Botany collaborates with the College of Education in offering the Natural Sciences Program, which provides training in science and mathematics for prospective K-12 teachers.

 

Graduate Study

The Department of Botany offers graduate programs leading to the master of science and the doctor of philosophy degrees in botany and the master of science degree in botany/water resources.

Program Specific Admission Requirements

The program requires a composite minimum score on the verbal and quantitative sections of the GRE of: 900 (M.S.) and 1000 (Ph.D.).

A minimum GPA of 3.0 on previous coursework is also required.

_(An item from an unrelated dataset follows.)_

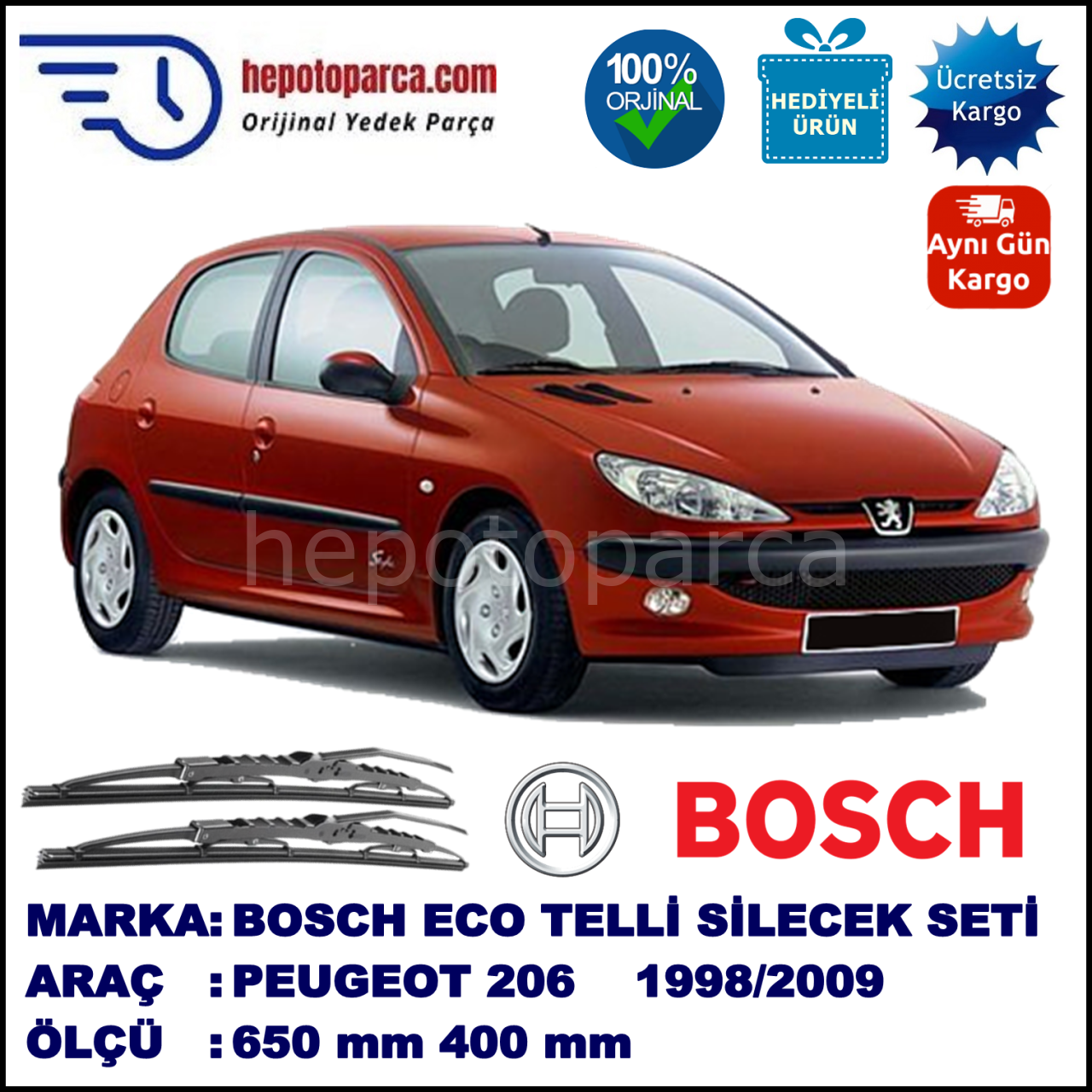 PEUGEOT 206 [T1] 06.98-02.09 650 / 400 mm. BOSCH ECO Telli Silecek 2'li Takım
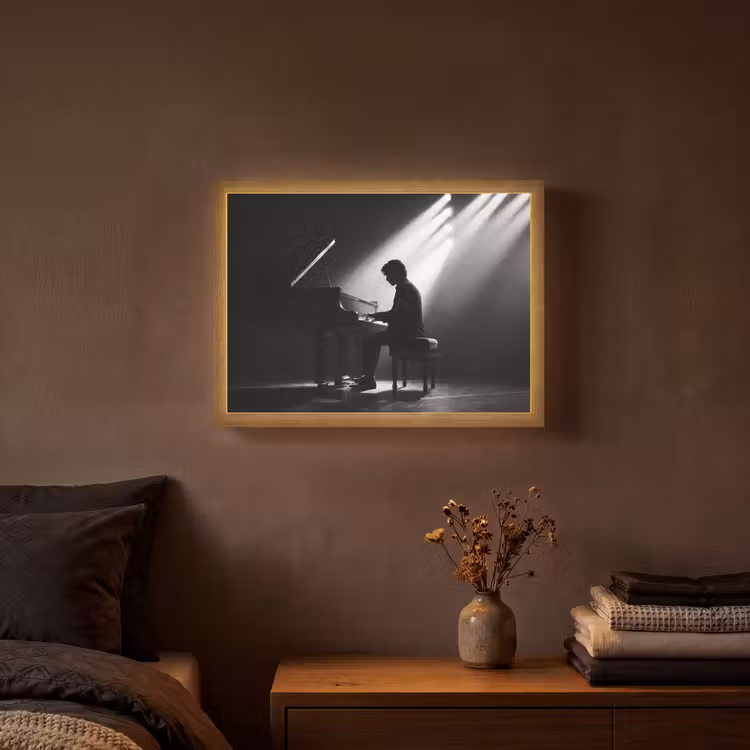 Lightbox - Wandlamp - Persoon - Piano - Muziek - Zwart-wit - Podium — 3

Program Specific Degree Requirements

Regardless of field of specialization, all candidates will be held responsible for basic information in the following areas: genetics, physiology, morphology, and evolutionary and environmental botany. A knowledge of chemistry (including organic and elementary biochemistry), physics, calculus, and statistics may be required.

A minimum GPA of 3.0 must be maintained. Any course in which a C (or below) or U is obtained cannot be counted toward the degree requirement.

Participation in seminars will be required of all candidates during their residence at the University of Wyoming.

Master's Program

Requirements for this degree are 26 semester hours of courses approved by the student's committee plus four hours of BOT 5960, Thesis Research.

Doctoral Program

In addition to the minimum requirements set forth in this Catalog, the Department of Botany may require that a student demonstrate skills in two peripheral areas. This decision is made for individual cases by the major professor and graduate committee. These could include foreign languages, statistics, or computer science. In some cases, additional skills may be required.